### ABOUT THIS TASK:
Copy, please, the line with "Sweet Ibis Art" and each line that follows it through the end of the data below, exactly as given and without pictures.

### SUPPLIED INFORMATION:

------------------------------------------------------------------------

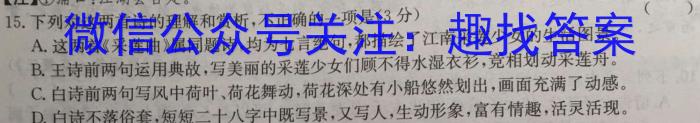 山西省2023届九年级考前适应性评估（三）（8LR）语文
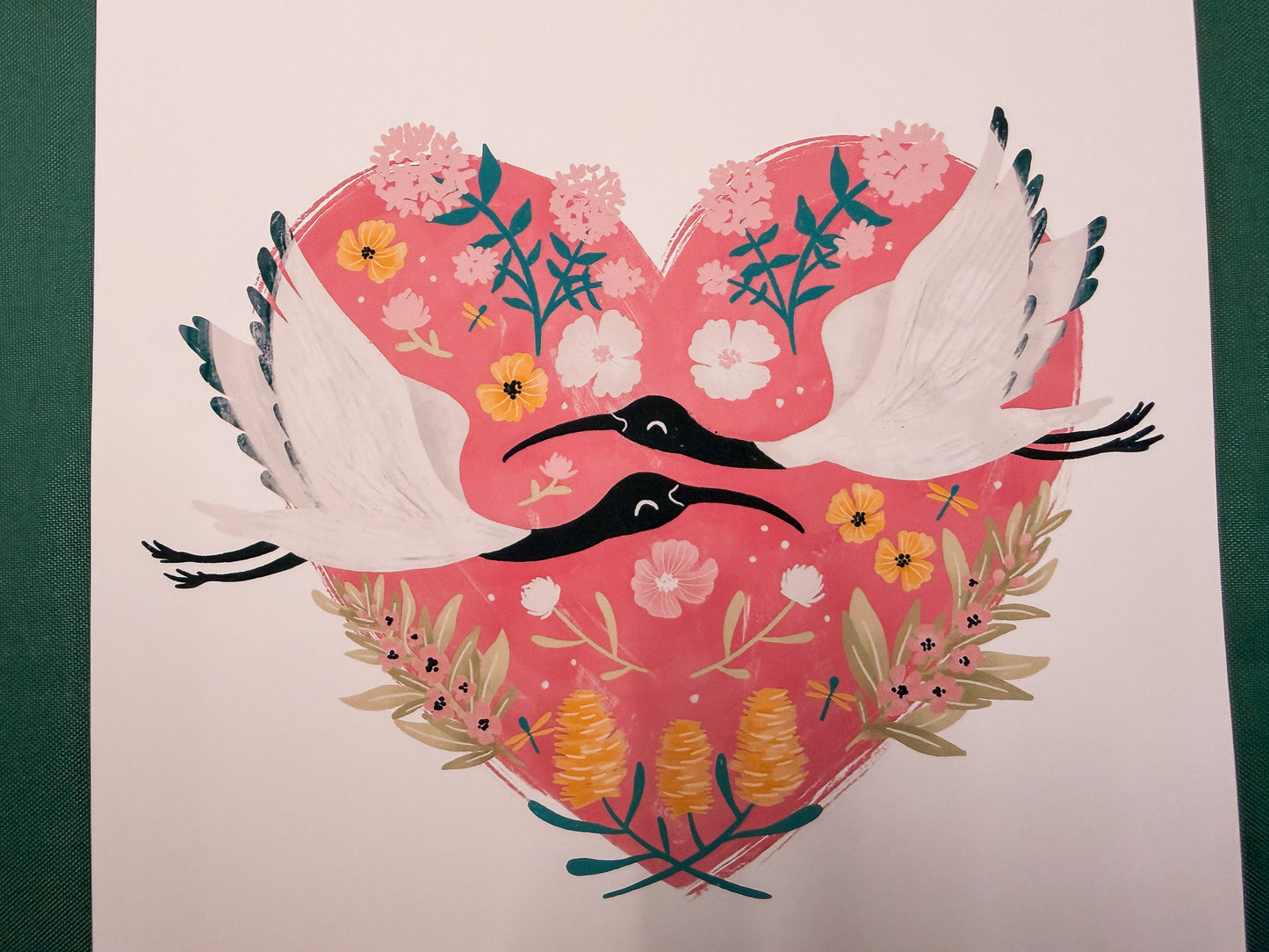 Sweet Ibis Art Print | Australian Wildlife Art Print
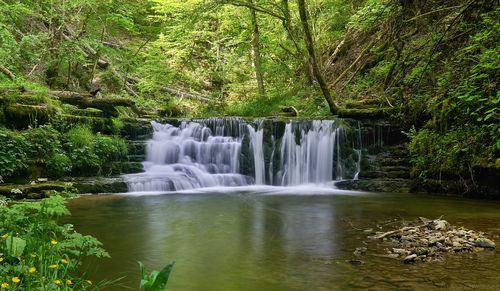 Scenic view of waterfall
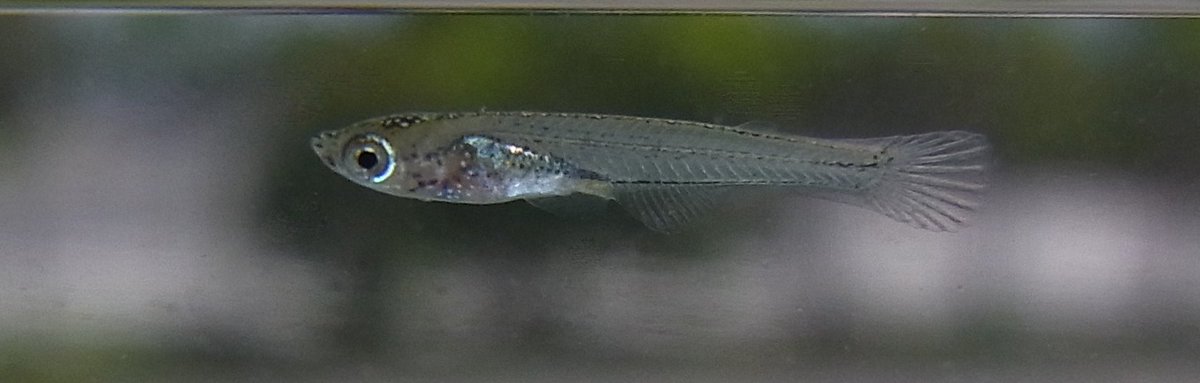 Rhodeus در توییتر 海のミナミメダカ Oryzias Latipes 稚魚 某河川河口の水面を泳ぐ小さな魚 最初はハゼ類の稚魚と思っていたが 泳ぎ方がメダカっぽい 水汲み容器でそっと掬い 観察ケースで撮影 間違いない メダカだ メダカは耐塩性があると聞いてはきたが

------------------------------------------------------------------------

### ANSWER SPACE:
 Sweet Ibis Art Print | Australian Wildlife Art Print
 Scenic view of waterfall
 Rhodeus در توییتر 海のミナミメダカ Oryzias Latipes 稚魚 某河川河口の水面を泳ぐ小さな魚 最初はハゼ類の稚魚と思っていたが 泳ぎ方がメダカっぽい 水汲み容器でそっと掬い 観察ケースで撮影 間違いない メダカだ メダカは耐塩性があると聞いてはきたが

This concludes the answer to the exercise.